Aim of the task -> Apart from any images, the entries are to be output exactly.

BEGIN Dataset

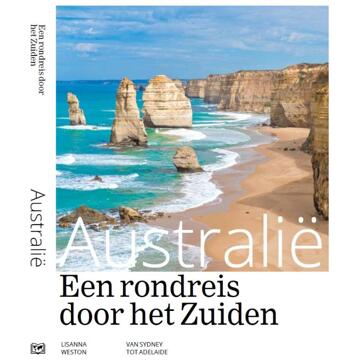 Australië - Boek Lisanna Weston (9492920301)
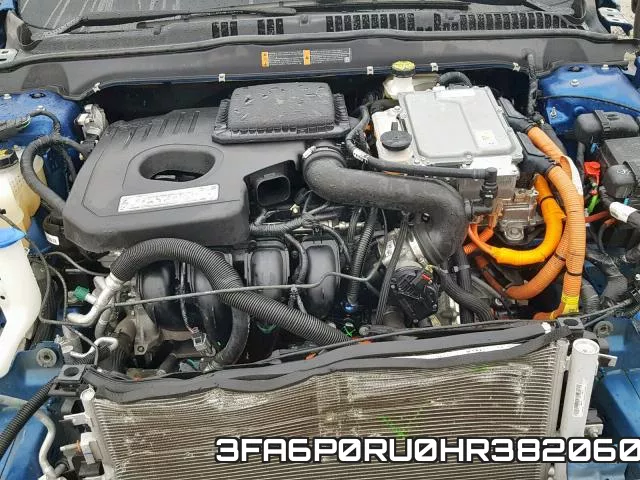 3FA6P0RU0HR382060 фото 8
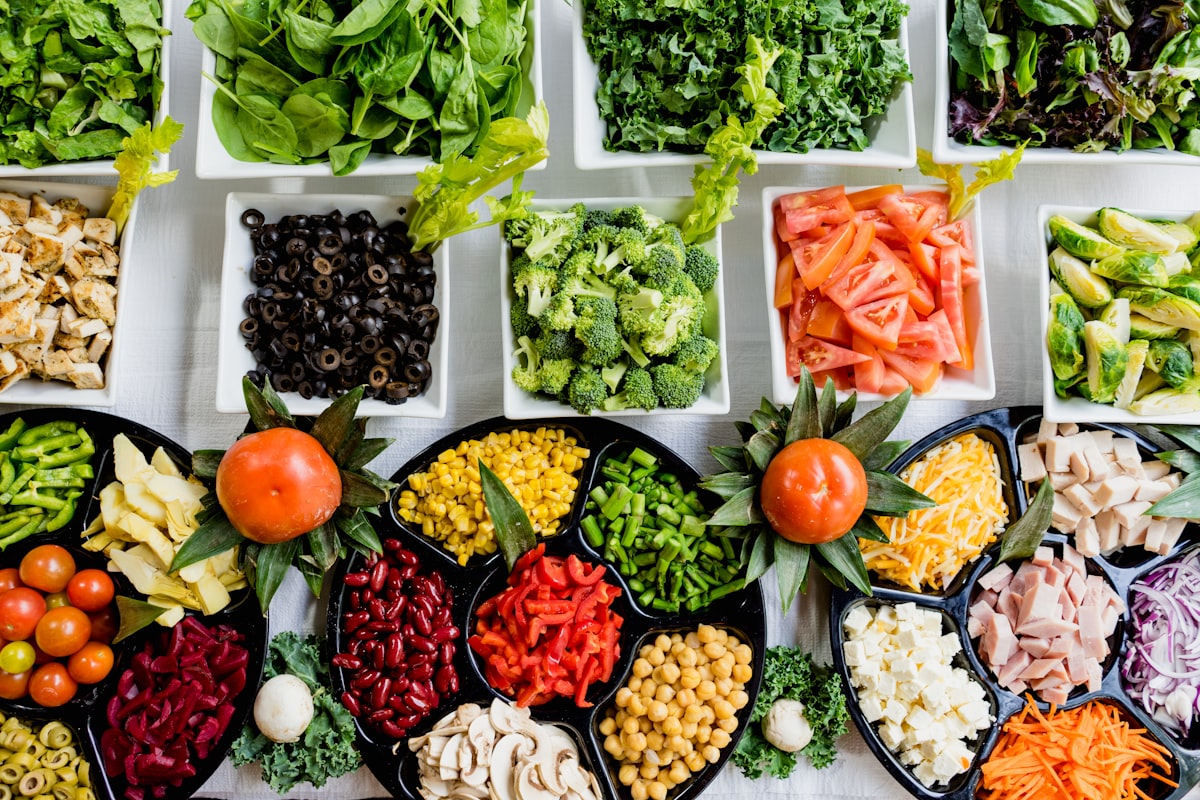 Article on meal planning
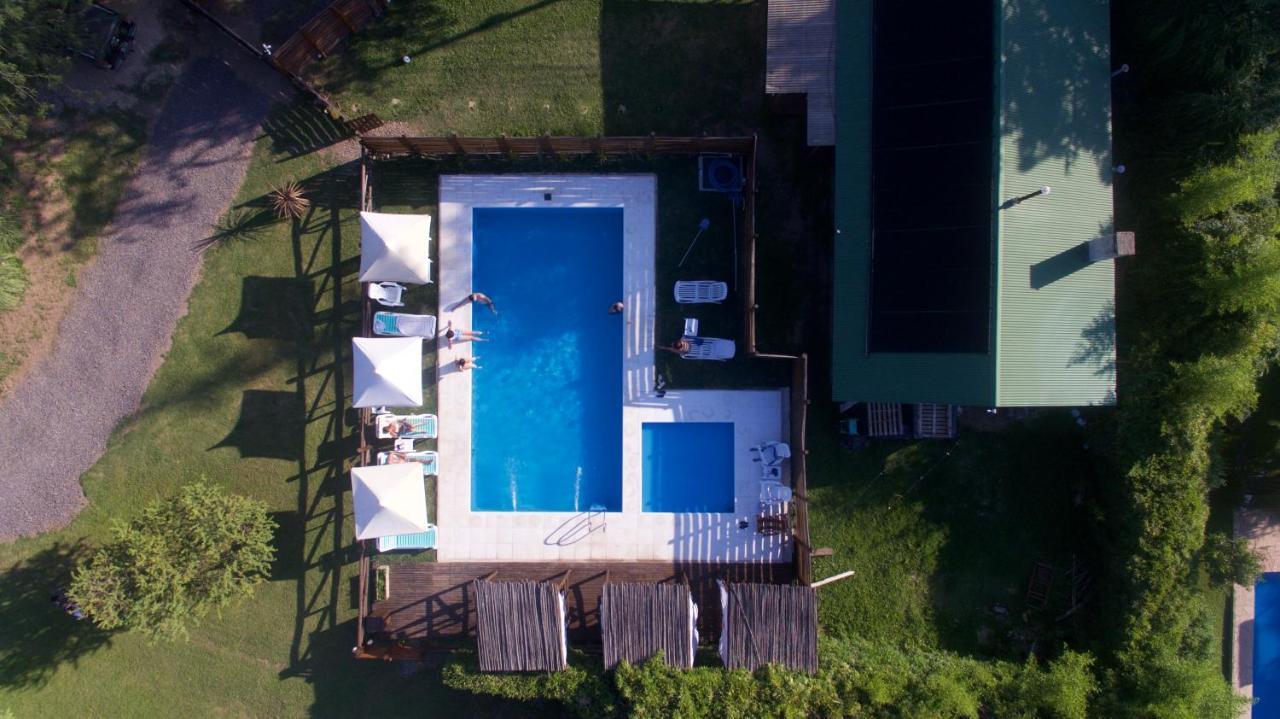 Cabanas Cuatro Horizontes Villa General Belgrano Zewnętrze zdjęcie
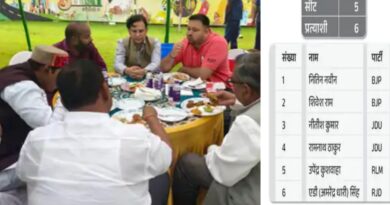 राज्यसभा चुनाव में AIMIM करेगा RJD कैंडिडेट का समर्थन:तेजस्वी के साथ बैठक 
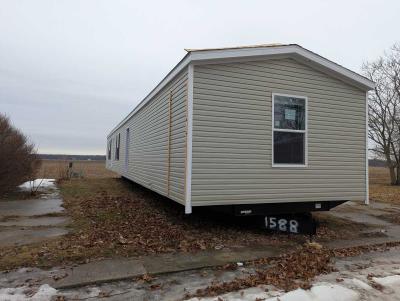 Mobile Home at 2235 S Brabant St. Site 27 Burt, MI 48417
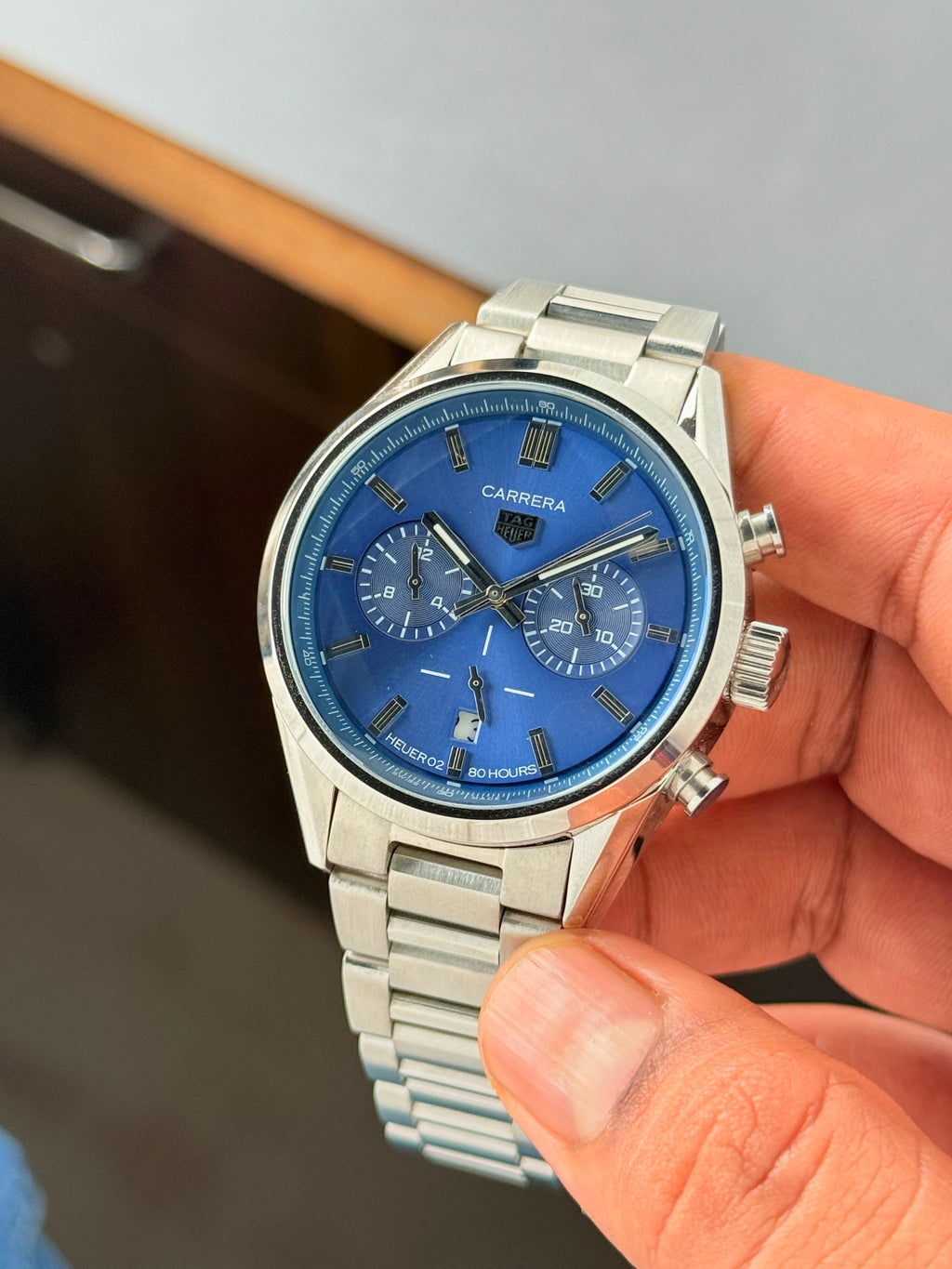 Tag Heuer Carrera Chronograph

END Dataset

Exercise result ->
 Australië - Boek Lisanna Weston (9492920301)
 3FA6P0RU0HR382060 фото 8
 Article on meal planning
 Cabanas Cuatro Horizontes Villa General Belgrano Zewnętrze zdjęcie
 राज्यसभा चुनाव में AIMIM करेगा RJD कैंडिडेट का समर्थन:तेजस्वी के साथ बैठक 
 Mobile Home at 2235 S Brabant St. Site 27 Burt, MI 48417
 Tag Heuer Carrera Chronograph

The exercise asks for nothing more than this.